Aunque muchas veces por nuestra debilidad y nuestro pecado nos alejamos
del Señor y parece que rehuimos su presencia, en el fondo del corazón humano
tenemos las ansias de la plenitud de Dios. Buscamos a Dios, queremos sentir su
presencia, ansiamos gozar un día de las moradas eternas.
El relato del Éxodo nos describe cómo Moisés fue construyendo el
santuario de Dios ‘ajustándose en todo a lo que el
Señor le había mandado’;
nos lo repite como una muletilla una y otra vez según va poniendo todos los
paramentos del santuario del Señor. Dios que los había liberado de Egipto y los
había hecho pasar el mar Rojo, como un paso de libertad, y les había dado su
ley allá en lo alto del Sinaí estableciendo con su pueblo su Alianza, quiere
manifestarles que su presencia permanece para siempre entre ellos. El Santuario
donde se manifiesta la gloria del Señor es un signo de esa presencia.
Nosotros también tenemos en medio de nuestro pueblo
esos signos de la presencia de Dios en los templos sagrados donde nos reunimos
en Asamblea para celebrar la Eucaristía, alimentar nuestra fe y sentir el gozo
de la comunión de los hermanos.
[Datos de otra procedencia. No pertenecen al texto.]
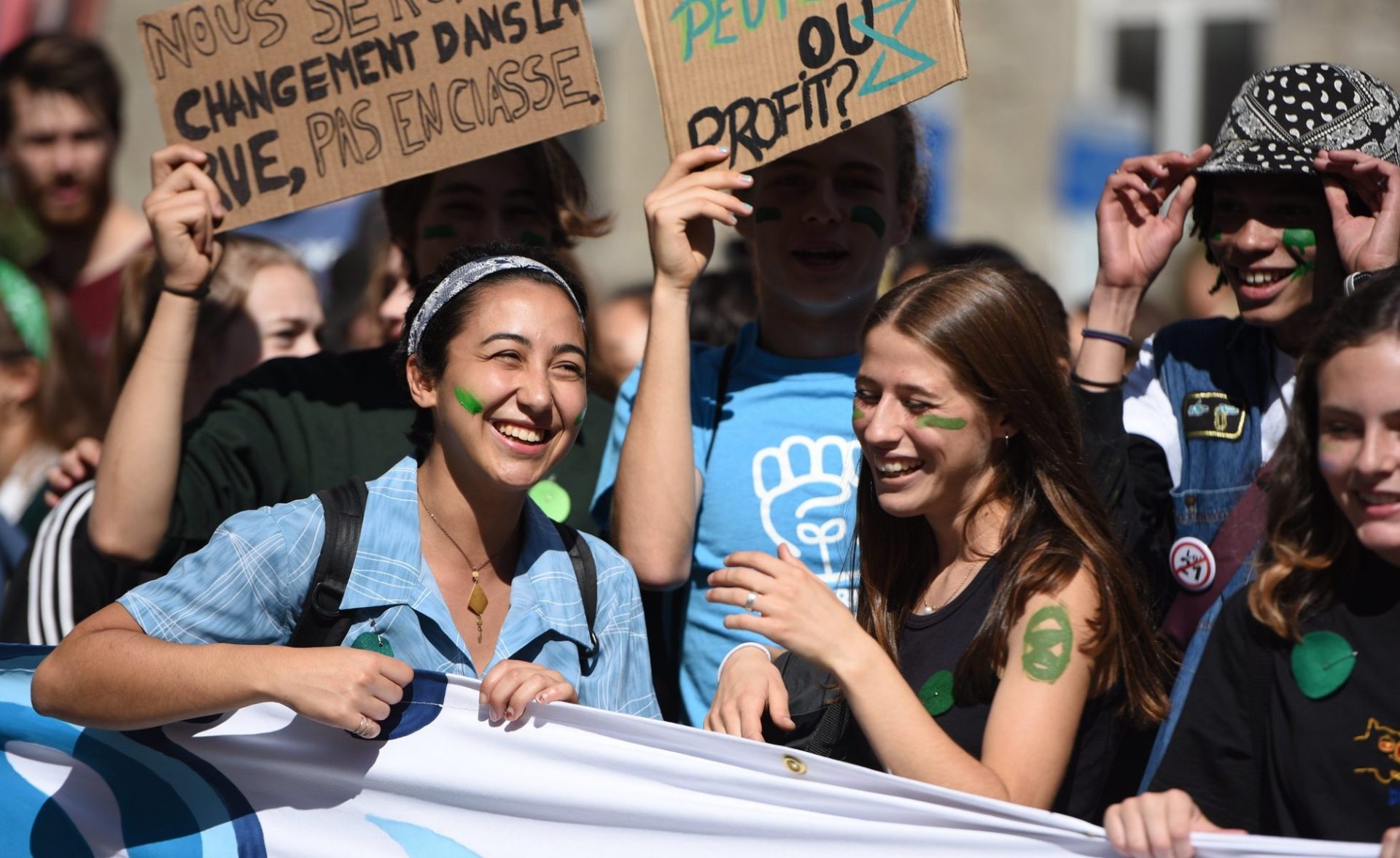 Youth behind smiling behind banner at 2019 youth climate march in Montreal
Con respeto santo nos acercamos a ese lugar
sagrado queriendo sentir esa presencia de Dios que se hace gracia para
nosotros, porque es un regalo de amor.
Pero también somos conscientes de que el verdadero
templo de Dios somos nosotros que para eso fuimos ungidos y consagrados en
nuestro Bautismo, para ser esa morada de Dios y ese templo del Espíritu. Dios
quiere habitar en nuestros corazones y así en todo momento hemos de saber
también sentir su presencia y su gracia de amor. Decíamos antes que por nuestra
debilidad y nuestro pecado nos alejamos de Dios, manchamos ese templo del
Espíritu que somos nosotros, pero siempre confiamos en el amor y la
misericordia del Señor que nos purifica, que restaura esa gracia en nosotros,
que nos santifica una y otra vez.
Y una consideración más que nos tendríamos que hacer es
que si aquel santuario levantado por Moisés se convertía en un signo de la
presencia de Dios en medio de su pueblo como son también nuestros templos, no
hemos de olvidar que por la santidad de nuestra vida también nosotros hemos de
ser signos de la presencia de Dios en nuestro mundo. Nuestro amor y nuestra
santidad son signos del amor y de la santidad de Dios a la que todos estamos
llamados.
‘¡Qué deseables son tus moradas,
Señor de los ejércitos!’, recordábamos al principio con el
salmista. No olvidemos que somos esa morada de Dios, gocémonos con su presencia.